## Extracted data:
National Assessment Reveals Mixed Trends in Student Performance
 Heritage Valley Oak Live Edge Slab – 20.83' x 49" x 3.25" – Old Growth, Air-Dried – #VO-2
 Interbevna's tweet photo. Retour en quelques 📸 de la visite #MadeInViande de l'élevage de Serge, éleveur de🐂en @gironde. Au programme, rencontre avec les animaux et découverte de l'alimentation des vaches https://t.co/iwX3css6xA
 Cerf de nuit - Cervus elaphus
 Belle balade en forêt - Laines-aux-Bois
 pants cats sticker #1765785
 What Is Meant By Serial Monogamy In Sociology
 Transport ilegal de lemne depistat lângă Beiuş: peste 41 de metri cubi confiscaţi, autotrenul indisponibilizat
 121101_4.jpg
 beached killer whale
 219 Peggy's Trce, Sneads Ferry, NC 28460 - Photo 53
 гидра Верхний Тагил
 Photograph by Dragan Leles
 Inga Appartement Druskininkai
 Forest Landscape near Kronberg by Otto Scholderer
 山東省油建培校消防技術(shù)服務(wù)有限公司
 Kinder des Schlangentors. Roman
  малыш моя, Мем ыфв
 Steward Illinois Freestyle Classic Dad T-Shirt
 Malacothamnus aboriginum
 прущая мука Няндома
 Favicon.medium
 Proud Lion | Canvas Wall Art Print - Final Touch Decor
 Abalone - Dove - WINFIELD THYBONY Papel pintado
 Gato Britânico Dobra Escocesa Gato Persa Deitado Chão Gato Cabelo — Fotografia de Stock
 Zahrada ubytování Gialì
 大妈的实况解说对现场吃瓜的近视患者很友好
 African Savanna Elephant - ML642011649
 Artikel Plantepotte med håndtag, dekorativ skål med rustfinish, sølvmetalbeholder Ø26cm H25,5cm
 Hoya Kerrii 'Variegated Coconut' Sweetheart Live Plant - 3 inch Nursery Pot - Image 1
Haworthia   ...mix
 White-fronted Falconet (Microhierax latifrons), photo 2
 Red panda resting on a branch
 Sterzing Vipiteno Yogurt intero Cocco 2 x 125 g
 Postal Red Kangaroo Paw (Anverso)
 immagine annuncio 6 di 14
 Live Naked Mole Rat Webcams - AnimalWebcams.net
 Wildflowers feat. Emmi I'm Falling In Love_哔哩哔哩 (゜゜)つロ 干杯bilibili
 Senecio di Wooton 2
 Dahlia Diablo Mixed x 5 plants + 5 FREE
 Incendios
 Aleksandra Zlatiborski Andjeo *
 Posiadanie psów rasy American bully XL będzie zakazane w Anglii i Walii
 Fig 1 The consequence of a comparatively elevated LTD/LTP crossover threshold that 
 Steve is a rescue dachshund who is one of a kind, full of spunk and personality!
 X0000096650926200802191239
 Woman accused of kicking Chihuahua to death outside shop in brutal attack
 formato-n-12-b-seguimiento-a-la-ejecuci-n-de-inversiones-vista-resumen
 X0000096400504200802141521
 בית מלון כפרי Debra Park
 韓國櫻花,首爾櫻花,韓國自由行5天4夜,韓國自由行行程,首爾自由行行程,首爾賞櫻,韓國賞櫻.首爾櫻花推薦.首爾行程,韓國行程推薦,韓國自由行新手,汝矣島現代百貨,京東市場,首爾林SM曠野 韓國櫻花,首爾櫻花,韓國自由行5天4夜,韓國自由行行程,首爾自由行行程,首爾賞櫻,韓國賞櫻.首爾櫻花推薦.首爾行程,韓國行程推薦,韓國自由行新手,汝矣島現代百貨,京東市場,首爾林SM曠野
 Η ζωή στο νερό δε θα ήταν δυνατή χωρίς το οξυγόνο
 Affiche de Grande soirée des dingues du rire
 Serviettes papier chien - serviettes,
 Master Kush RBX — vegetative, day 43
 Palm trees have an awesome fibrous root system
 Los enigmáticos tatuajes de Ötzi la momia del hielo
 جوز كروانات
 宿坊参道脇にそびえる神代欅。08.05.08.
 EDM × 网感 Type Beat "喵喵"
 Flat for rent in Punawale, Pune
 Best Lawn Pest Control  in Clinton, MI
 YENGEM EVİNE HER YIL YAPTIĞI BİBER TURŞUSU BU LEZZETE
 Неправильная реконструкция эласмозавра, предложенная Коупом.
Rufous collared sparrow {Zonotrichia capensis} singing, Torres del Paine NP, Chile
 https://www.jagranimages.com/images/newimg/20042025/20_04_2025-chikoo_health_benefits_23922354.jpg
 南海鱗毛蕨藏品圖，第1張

## The problem:
Look through the entries above, find each line containing "Mixed", and copy it.

## Response box:
National Assessment Reveals Mixed Trends in Student Performance
 Dahlia Diablo Mixed x 5 plants + 5 FREE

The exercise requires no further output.